● WORK INSTRUCTION
Could every line below be transcribed exactly, with the pictures dropped?

● EXERCISE DATA
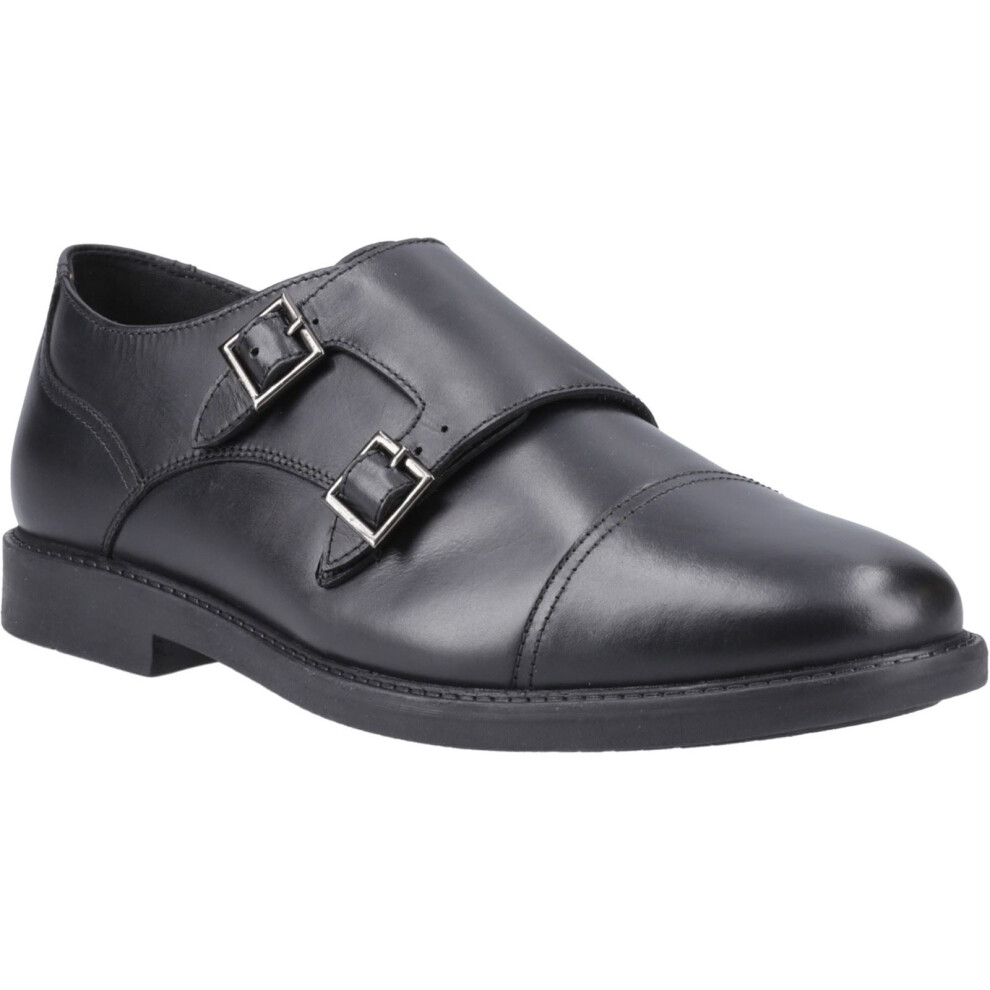 Hush Puppies (Black, 9 (Adults')) Tim Monk Leather Boys's Black Shoes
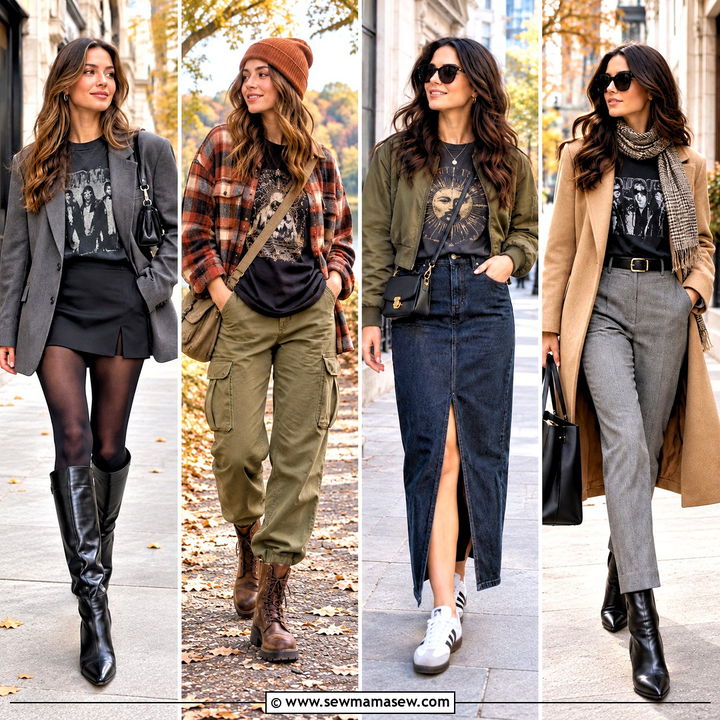15 Band Shirt Outfits Fall Edgy Looks For Cozy Autumn Days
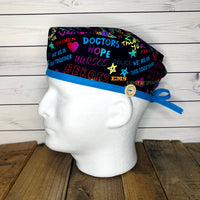 Handmade Buttoned Scrub Caps - First Responder & Caregivers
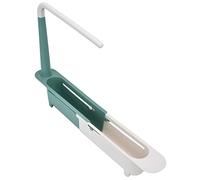 Atyhao Telescopic kitchen sink storage rack Large capacity household telescopic kitchen sink storage rack green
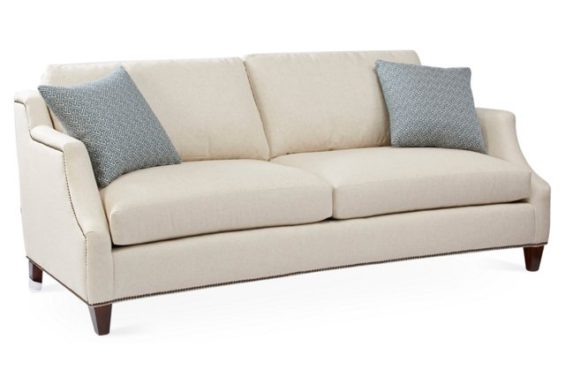 Massoud Furniture Elle 89" Sofa, Cream Crypton One Kings Lane furniture warehouse sale 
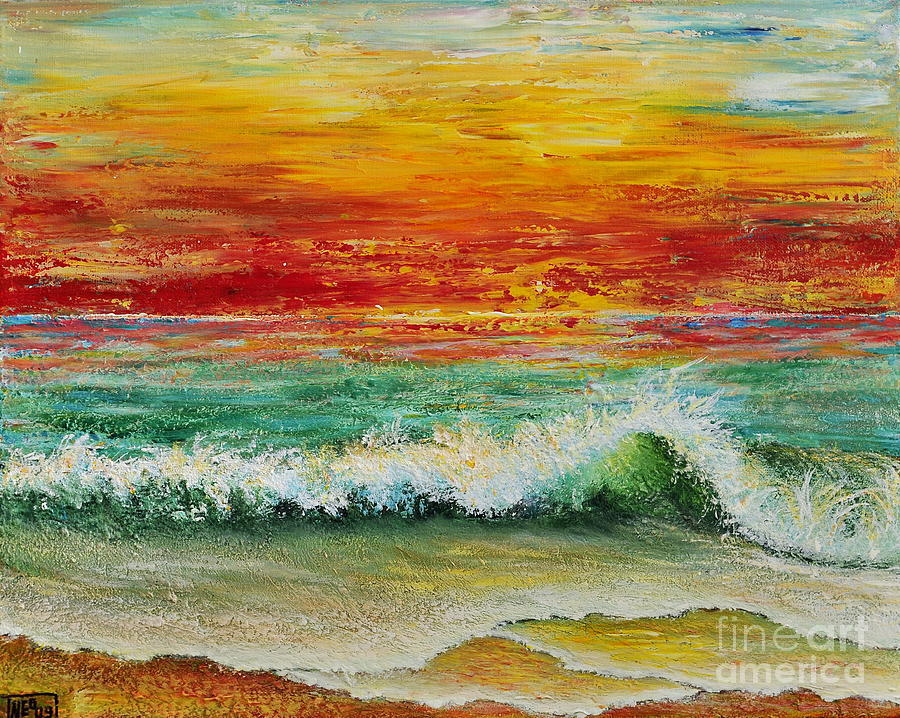Sunset Breeze Painting by Teresa Wegrzyn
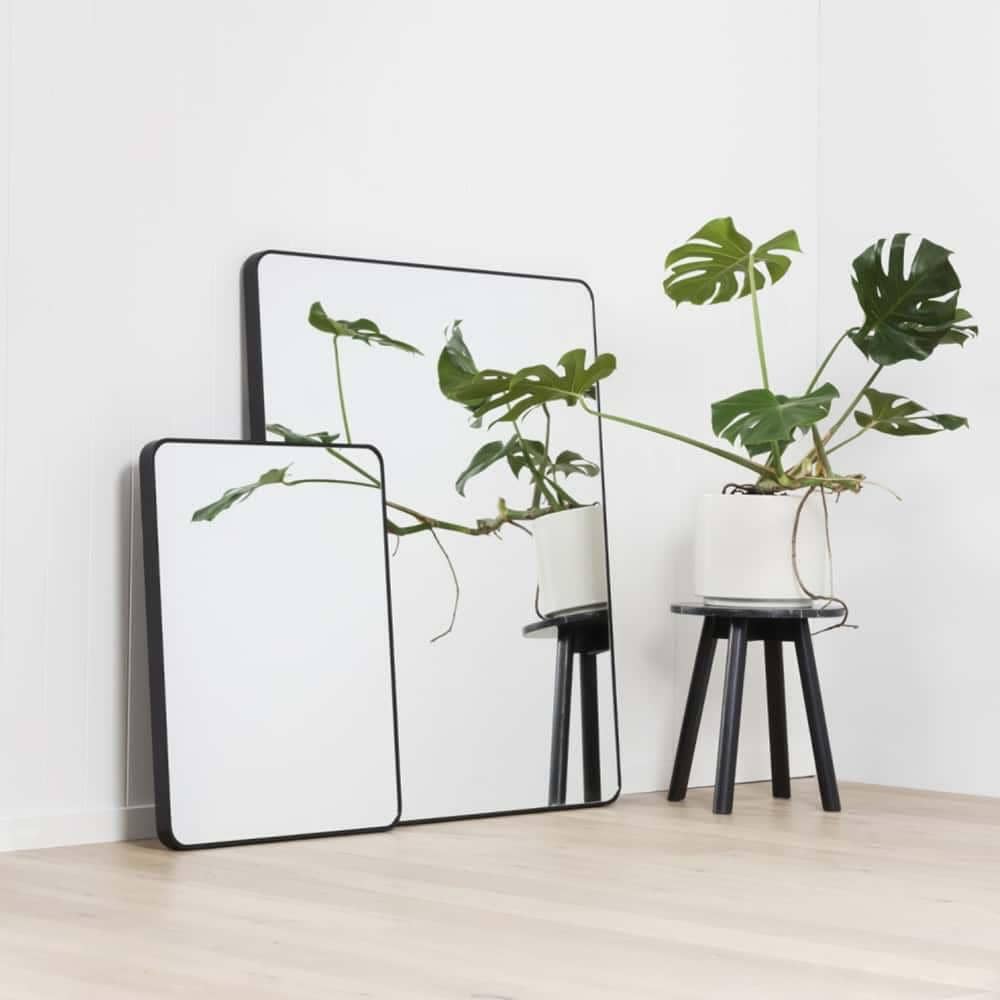 Flynn Curve Rectangle Mirror - Black Medium 100cm x 120cm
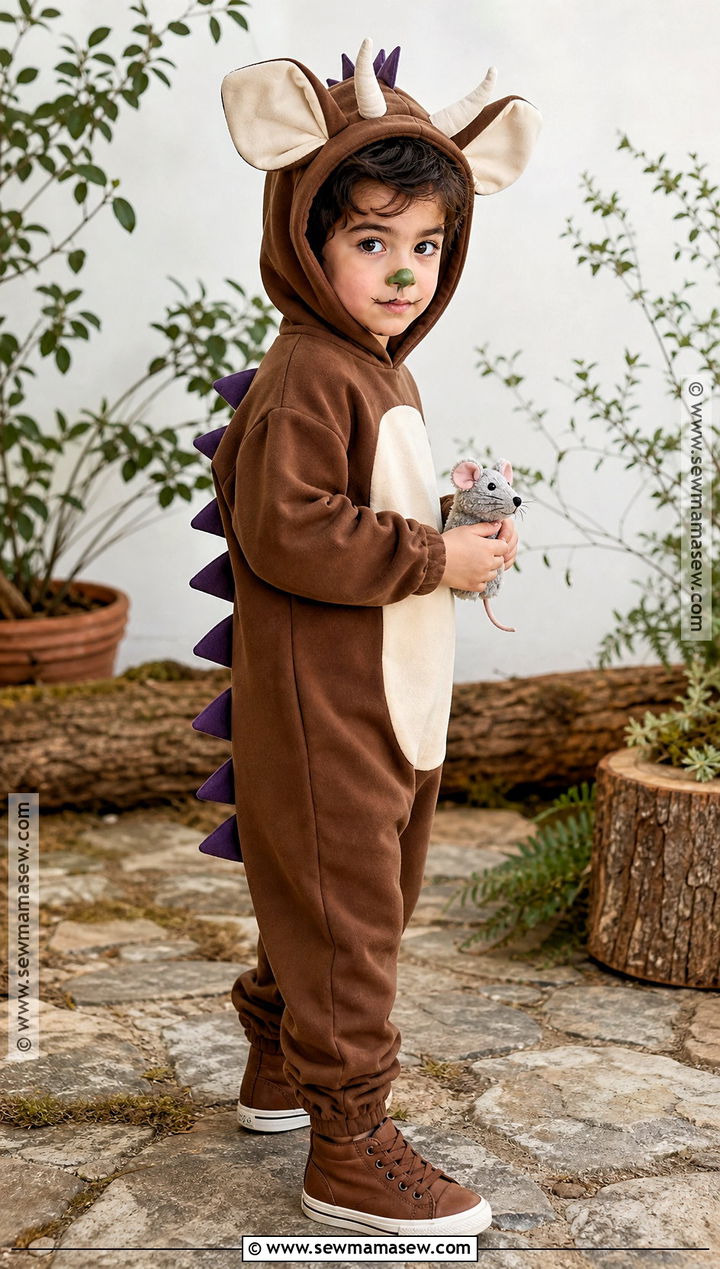 Gruffalo Costume With Purple Prickles - 30 story book costumes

● EXERCISE SOLUTION
 Hush Puppies (Black, 9 (Adults')) Tim Monk Leather Boys's Black Shoes
15 Band Shirt Outfits Fall Edgy Looks For Cozy Autumn Days
 Handmade Buttoned Scrub Caps - First Responder & Caregivers
 Atyhao Telescopic kitchen sink storage rack Large capacity household telescopic kitchen sink storage rack green
 Massoud Furniture Elle 89" Sofa, Cream Crypton One Kings Lane furniture warehouse sale 
Sunset Breeze Painting by Teresa Wegrzyn
 Flynn Curve Rectangle Mirror - Black Medium 100cm x 120cm
 Gruffalo Costume With Purple Prickles - 30 story book costumes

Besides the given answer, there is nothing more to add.